Niestety, ale muszę stwierdzić, że nawet jako czytadło średnio się nadaje. Jak ktoś wcześniej napisał- język aż kłuje w oczy. Treść już do subiektywnej oceny. Jedyny plus to pomysł.
Całkiem przyjemna lekturka, ot taki przerywnik w czytaniu ;) Ale moim zdaniem lepsza od Zmierzchu czy Szeptem. Polecam tym, którzy się zaczytują w takich książkach.
Najgorszy tom z dotychczas przeczytanych. Jakoś zaczął mnie nudzić, dialogi stały się banalne, cała sytuacja groteskowa, akcja przewidywalna. Poprzednie 3 części mi się bardzo podobały, ta nie. W sumie nie zależy mi na poznaniu końca tej historii i nie wiem czy przeczytam kolejne tomy.
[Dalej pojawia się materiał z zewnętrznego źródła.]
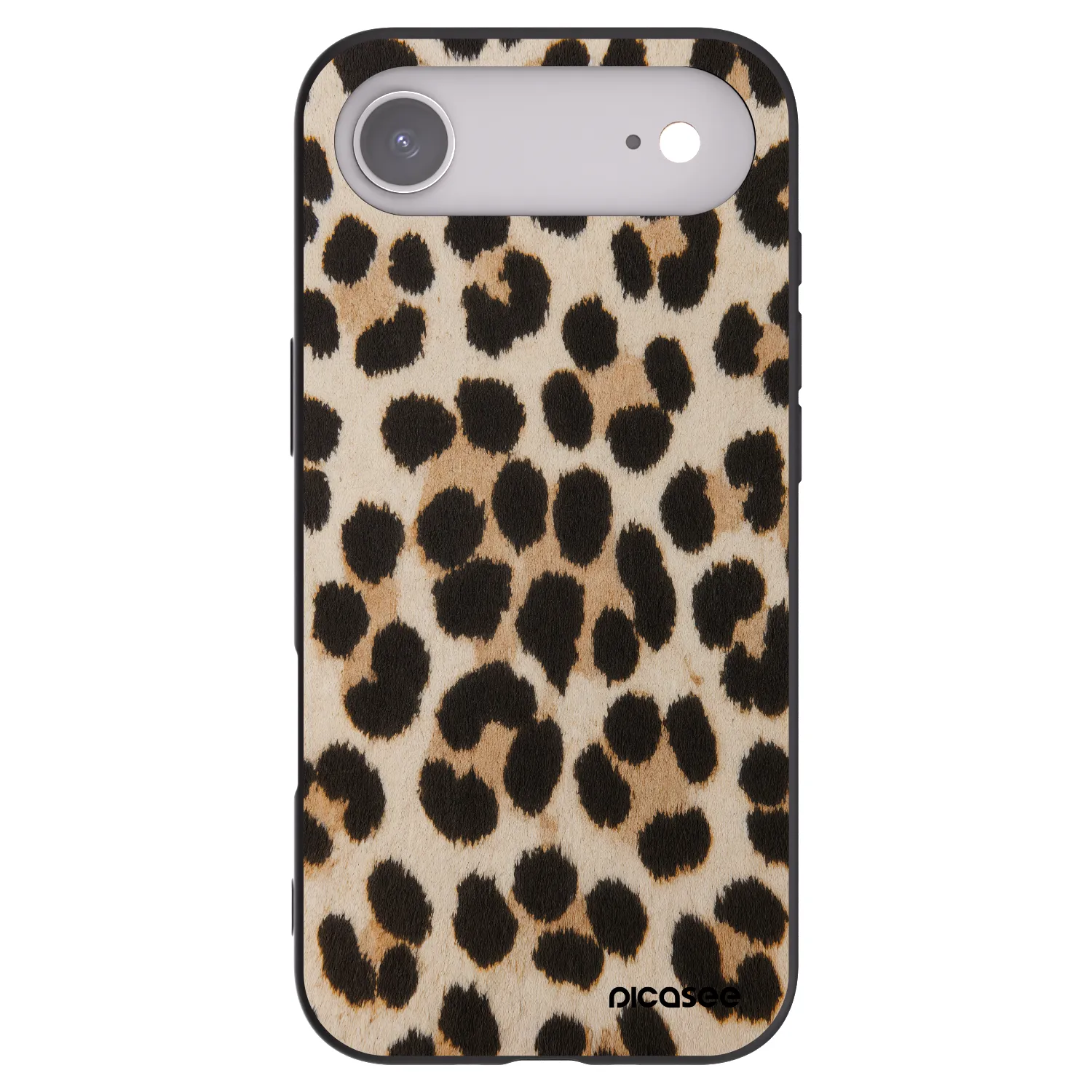 Picasee silikonowe czarne etui na Apple iPhone Air - Brown Tiger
Cóż jak widać moja opinia odstaje od reszty... :P Książka mnie nie wciągnęła, styl pisarki i wątek kryminalny się nie podobały, akcja wg. mnie nierówna.
Według mnie słaba. Nie była przerażająca ani pełna napięcia i ta przewidywalność... Co jak co, ale jak się wie od początku kim jest zabójca to oczekuje się od książki czegoś więcej.